Have I not described a pleasant site for a dwelling, when I speak of
it as bosomed in hill and wood, and rising from the verge of a
stream? Assuredly, pleasant enough: but whether healthy or not is
another question.
That forest-dell, where Lowood lay, was the cradle of fog and fog-
bred pestilence; which, quickening with the quickening spring, crept
into the Orphan Asylum, breathed typhus through its crowded
schoolroom and dormitory, and, ere May arrived, transformed the
seminary into an hospital.
Semi-starvation and neglected colds had predisposed most of the
pupils to receive infection: forty-five out of the eighty girls lay
ill at one time. Classes were broken up, rules relaxed. The few
who continued well were allowed almost unlimited license; because
the medical attendant insisted on the necessity of frequent exercise
to keep them in health: and had it been otherwise, no one had
leisure to watch or restrain them. Miss Temple's whole attention
was absorbed by the patients: she lived in the sick-room, never
quitting it except to snatch a few hours' rest at night. The
teachers were fully occupied with packing up and making other
necessary preparations for the departure of those girls who were
fortunate enough to have friends and relations able and willing to
remove them from the seat of contagion. Many, already smitten, went
home only to die: some died at the school, and were buried quietly
and quickly, the nature of the malady forbidding delay.
While disease had thus become an inhabitant of Lowood, and death its
frequent visitor; while there was gloom and fear within its walls;
while its rooms and passages steamed with hospital smells, the drug
and the pastille striving vainly to overcome the effluvia of
mortality, that bright May shone unclouded over the bold hills and
beautiful woodland out of doors. Its garden, too, glowed with
flowers: hollyhocks had sprung up tall as trees, lilies had opened,
tulips and roses were in bloom; the borders of the little beds were
gay with pink thrift and crimson double daisies; the sweetbriars
gave out, morning and evening, their scent of spice and apples; and
these fragrant treasures were all useless for most of the inmates of
Lowood, except to furnish now and then a handful of herbs and
blossoms to put in a coffin.
But I, and the rest who continued well, enjoyed fully the beauties
of the scene and season; they let us ramble in the wood, like
gipsies, from morning till night; we did what we liked, went where
we liked: we lived better too.
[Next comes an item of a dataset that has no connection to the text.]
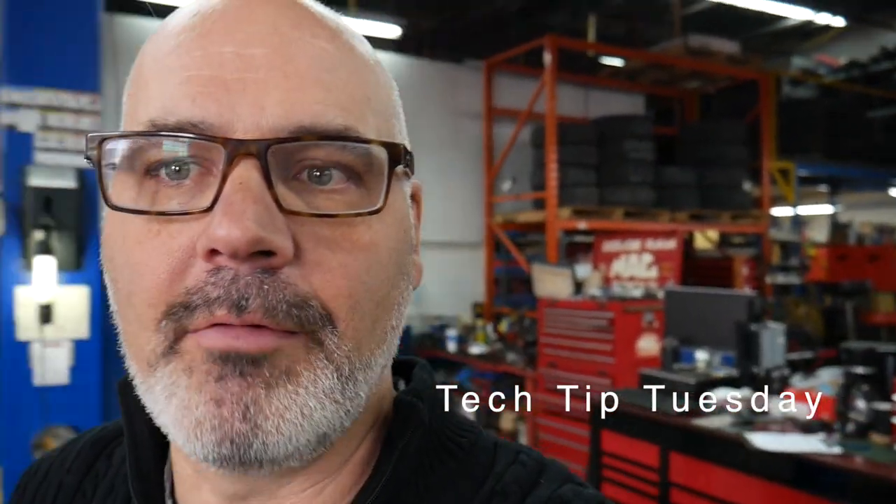Today's Tech Tip Tuesday, we're gonna go mobile. I just made Jordan go comb his hair because I'm forcing him to do today's tech tip. So we're gonna go for a drive right now.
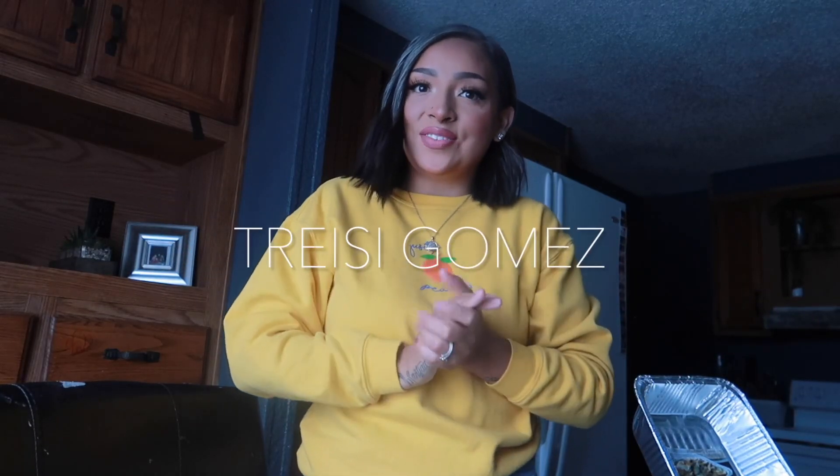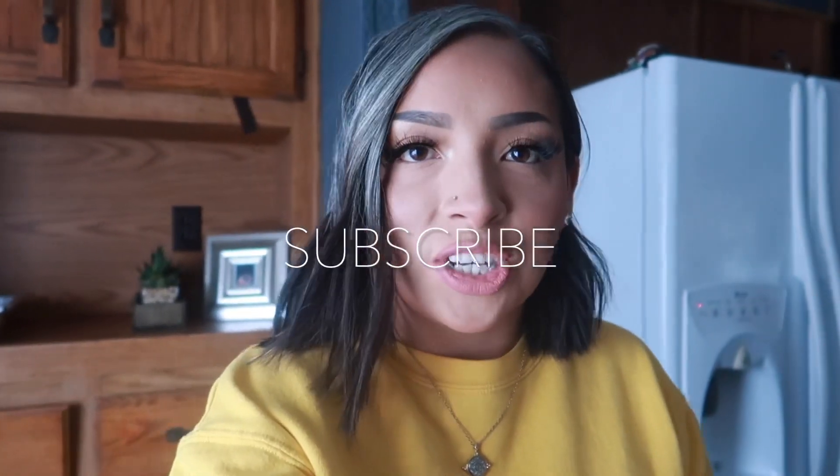Hey guys, welcome back to my channel! For today's video we will be making some banana pudding. All you're gonna need is some vanilla wafer cookies, milk, whipped cream, and instant pudding — the banana and the vanilla. Two banana, one vanilla — and yeah, let's get to it!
Mr. Brocklehurst and his family
never came near Lowood now: household matters were not scrutinised
into; the cross housekeeper was gone, driven away by the fear of
infection; her successor, who had been matron at the Lowton
Dispensary, unused to the ways of her new abode, provided with
comparative liberality. Besides, there were fewer to feed; the sick
could eat little; our breakfast-basins were better filled; when
there was no time to prepare a regular dinner, which often happened,
she would give us a large piece of cold pie, or a thick slice of
bread and cheese, and this we carried away with us to the wood,
where we each chose the spot we liked best, and dined sumptuously.